[Exercise aim] Retype the material that follows exactly, limited to the lines from the one with "Avignone trasporti - trasporti" through the one with "Used Jeep Patriot", and keep out all pictures.

____

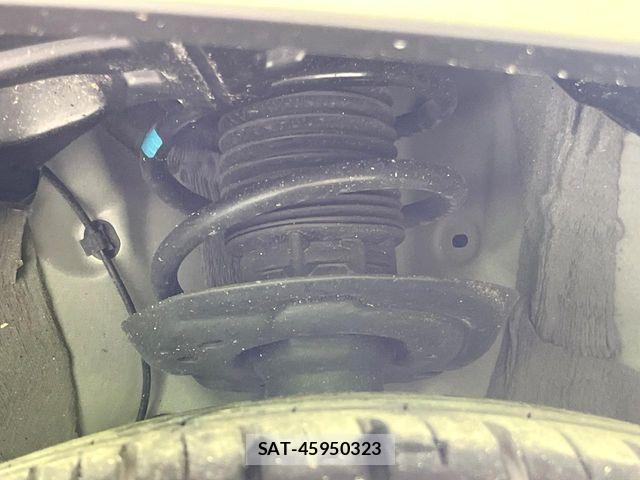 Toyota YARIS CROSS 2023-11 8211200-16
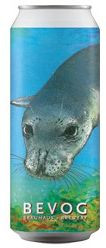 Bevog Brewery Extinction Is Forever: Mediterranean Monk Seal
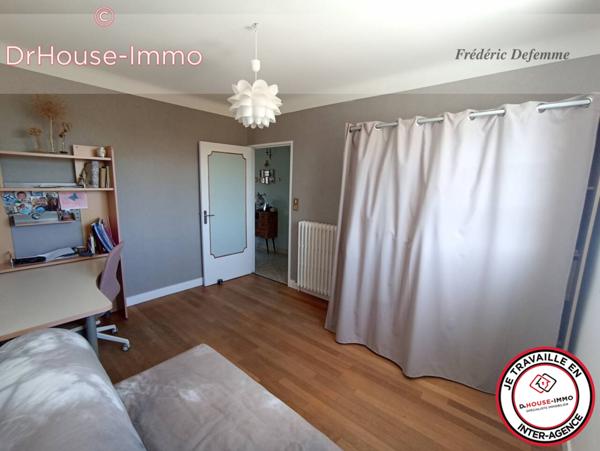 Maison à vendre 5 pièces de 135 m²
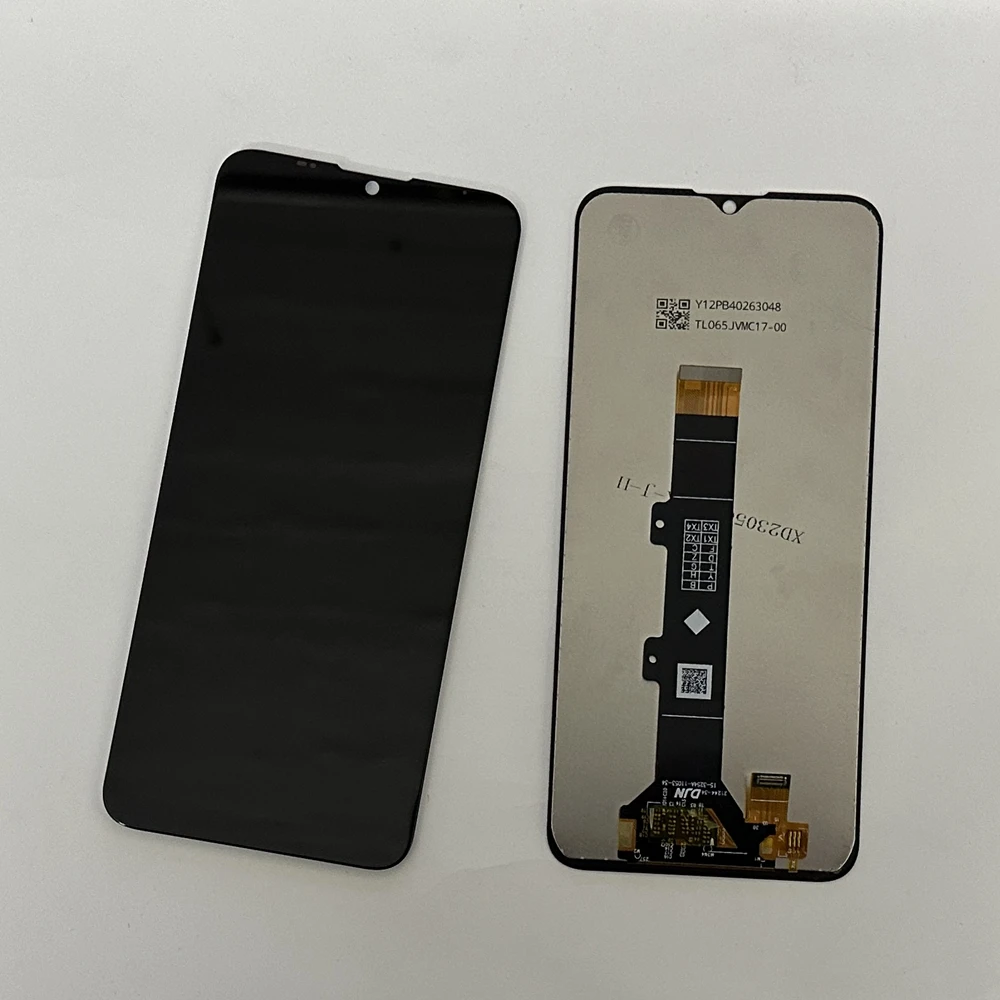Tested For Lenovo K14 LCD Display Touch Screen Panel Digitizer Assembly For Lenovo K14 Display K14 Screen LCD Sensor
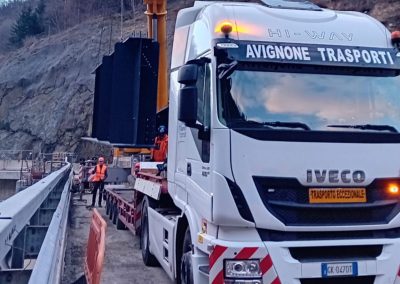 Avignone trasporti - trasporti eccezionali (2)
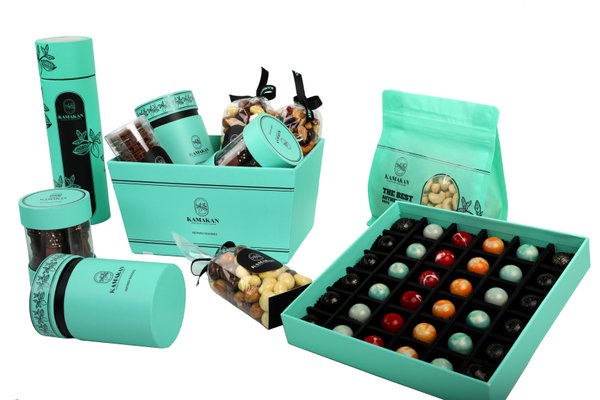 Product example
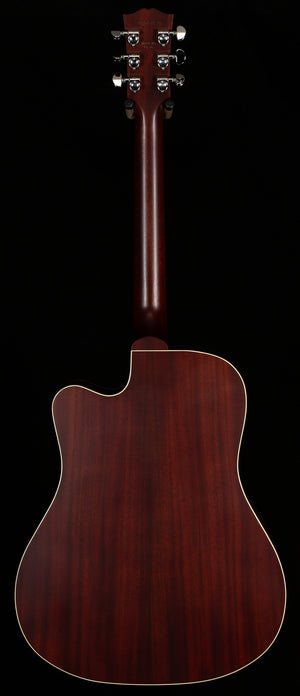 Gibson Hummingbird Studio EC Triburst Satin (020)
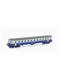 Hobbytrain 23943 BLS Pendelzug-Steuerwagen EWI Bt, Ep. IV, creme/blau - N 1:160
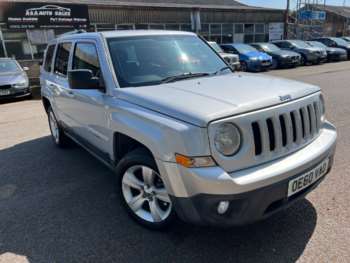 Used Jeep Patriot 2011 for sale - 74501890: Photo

____

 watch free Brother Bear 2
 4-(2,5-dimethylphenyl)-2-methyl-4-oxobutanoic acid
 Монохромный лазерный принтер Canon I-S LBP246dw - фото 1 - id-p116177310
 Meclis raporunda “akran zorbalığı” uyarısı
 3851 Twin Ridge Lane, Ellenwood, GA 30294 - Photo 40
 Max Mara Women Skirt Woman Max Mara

____

[Solution for this exercise]
 Avignone trasporti - trasporti eccezionali (2)
 Product example
 Gibson Hummingbird Studio EC Triburst Satin (020)
 Hobbytrain 23943 BLS Pendelzug-Steuerwagen EWI Bt, Ep. IV, creme/blau - N 1:160
 Used Jeep Patriot 2011 for sale - 74501890: Photo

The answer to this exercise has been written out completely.